DATA TO PROCESS Block Start

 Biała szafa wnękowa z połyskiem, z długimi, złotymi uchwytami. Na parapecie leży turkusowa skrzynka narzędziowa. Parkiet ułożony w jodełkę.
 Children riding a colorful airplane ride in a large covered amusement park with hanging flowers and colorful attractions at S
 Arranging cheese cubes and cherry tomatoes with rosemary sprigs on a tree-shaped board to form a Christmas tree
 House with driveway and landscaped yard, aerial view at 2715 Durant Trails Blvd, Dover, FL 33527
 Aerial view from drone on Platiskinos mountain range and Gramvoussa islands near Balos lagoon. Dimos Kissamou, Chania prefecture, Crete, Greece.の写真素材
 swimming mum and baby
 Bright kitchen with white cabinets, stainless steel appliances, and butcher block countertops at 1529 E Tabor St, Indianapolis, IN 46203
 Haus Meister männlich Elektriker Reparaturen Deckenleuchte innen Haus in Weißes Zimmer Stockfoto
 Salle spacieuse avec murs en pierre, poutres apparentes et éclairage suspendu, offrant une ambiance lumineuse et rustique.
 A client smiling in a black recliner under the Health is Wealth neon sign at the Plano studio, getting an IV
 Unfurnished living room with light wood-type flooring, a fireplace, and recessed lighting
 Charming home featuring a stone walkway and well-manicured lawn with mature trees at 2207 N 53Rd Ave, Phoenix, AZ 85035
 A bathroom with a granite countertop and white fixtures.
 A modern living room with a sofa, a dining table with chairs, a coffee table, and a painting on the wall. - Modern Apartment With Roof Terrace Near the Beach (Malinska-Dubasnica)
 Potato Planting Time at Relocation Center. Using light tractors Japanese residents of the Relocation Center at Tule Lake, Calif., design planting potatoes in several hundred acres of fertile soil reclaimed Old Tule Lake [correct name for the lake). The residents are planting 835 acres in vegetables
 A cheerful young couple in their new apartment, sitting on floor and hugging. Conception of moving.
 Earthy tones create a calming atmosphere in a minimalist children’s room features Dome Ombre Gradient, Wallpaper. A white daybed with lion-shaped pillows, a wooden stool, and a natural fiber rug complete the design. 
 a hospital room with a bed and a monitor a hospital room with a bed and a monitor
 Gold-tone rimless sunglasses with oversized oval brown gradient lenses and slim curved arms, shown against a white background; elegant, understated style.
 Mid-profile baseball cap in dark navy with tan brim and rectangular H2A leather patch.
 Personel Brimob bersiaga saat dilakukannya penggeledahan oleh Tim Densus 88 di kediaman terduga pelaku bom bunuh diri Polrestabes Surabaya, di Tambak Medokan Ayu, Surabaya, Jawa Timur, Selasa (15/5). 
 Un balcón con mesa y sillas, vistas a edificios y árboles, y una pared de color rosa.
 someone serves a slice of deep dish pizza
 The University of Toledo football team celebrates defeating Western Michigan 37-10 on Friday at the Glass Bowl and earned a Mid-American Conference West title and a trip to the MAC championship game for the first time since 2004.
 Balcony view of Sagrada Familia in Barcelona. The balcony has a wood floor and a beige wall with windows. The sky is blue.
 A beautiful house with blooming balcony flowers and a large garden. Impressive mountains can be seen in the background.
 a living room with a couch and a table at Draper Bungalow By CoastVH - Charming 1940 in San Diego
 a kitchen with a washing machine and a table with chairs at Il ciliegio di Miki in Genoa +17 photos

DATA TO PROCESS Block End

Search the records above for the string "view" and copy each line that holds it.

_ANSWER TO THIS EXERCISE:_
 House with driveway and landscaped yard, aerial view at 2715 Durant Trails Blvd, Dover, FL 33527
 Aerial view from drone on Platiskinos mountain range and Gramvoussa islands near Balos lagoon. Dimos Kissamou, Chania prefecture, Crete, Greece.の写真素材
 Balcony view of Sagrada Familia in Barcelona. The balcony has a wood floor and a beige wall with windows. The sky is blue.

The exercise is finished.